- TASK ITEM -
Once the pictures are set aside, transcribe each line of the listing exactly.

- RECORDS FOR THE EXERCISE -
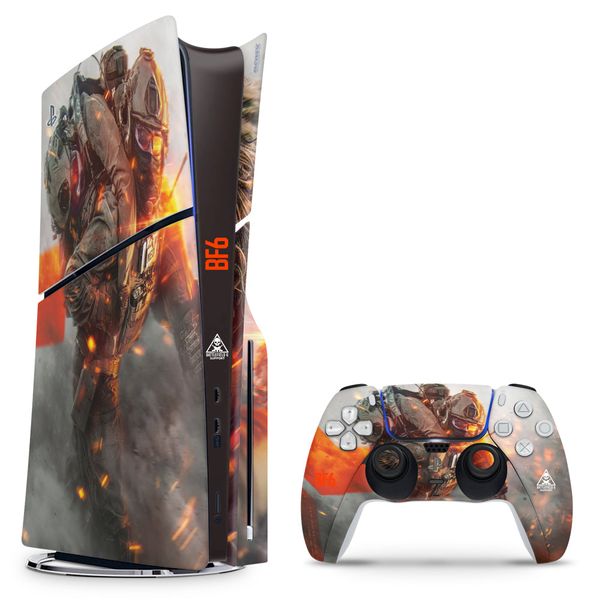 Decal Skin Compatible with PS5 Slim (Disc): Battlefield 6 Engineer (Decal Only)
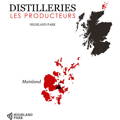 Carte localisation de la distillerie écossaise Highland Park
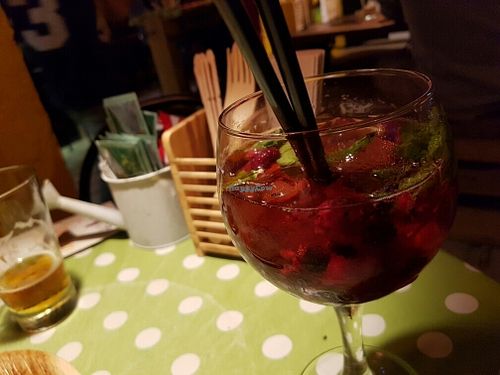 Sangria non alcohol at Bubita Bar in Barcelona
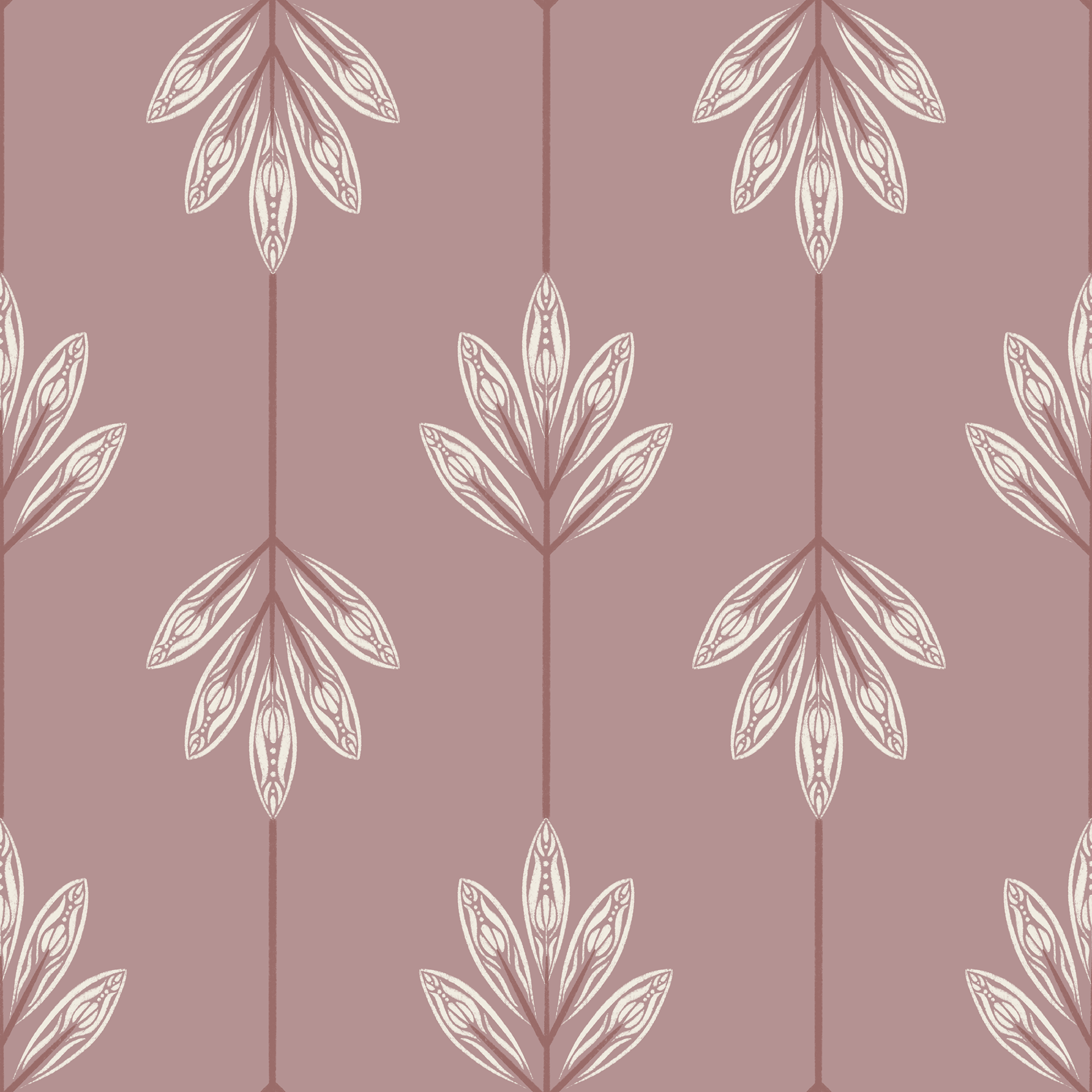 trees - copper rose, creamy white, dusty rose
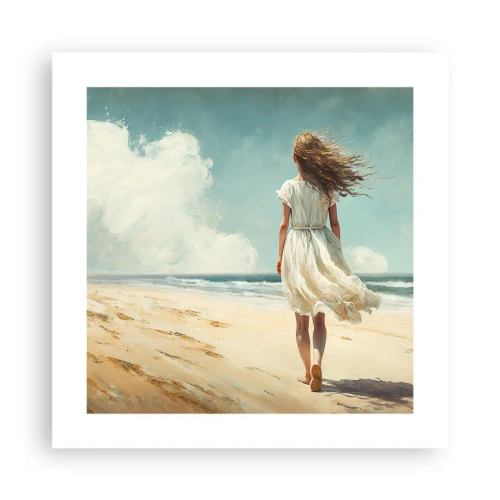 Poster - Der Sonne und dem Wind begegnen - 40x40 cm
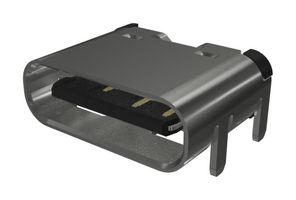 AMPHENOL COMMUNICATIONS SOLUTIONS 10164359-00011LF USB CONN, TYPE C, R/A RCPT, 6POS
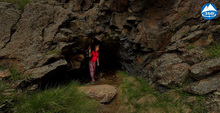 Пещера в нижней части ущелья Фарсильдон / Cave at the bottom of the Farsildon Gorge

- REPLY -
 Decal Skin Compatible with PS5 Slim (Disc): Battlefield 6 Engineer (Decal Only)
 Carte localisation de la distillerie écossaise Highland Park
 Sangria non alcohol at Bubita Bar in Barcelona
 trees - copper rose, creamy white, dusty rose
 Poster - Der Sonne und dem Wind begegnen - 40x40 cm
 AMPHENOL COMMUNICATIONS SOLUTIONS 10164359-00011LF USB CONN, TYPE C, R/A RCPT, 6POS
 Пещера в нижней части ущелья Фарсильдон / Cave at the bottom of the Farsildon Gorge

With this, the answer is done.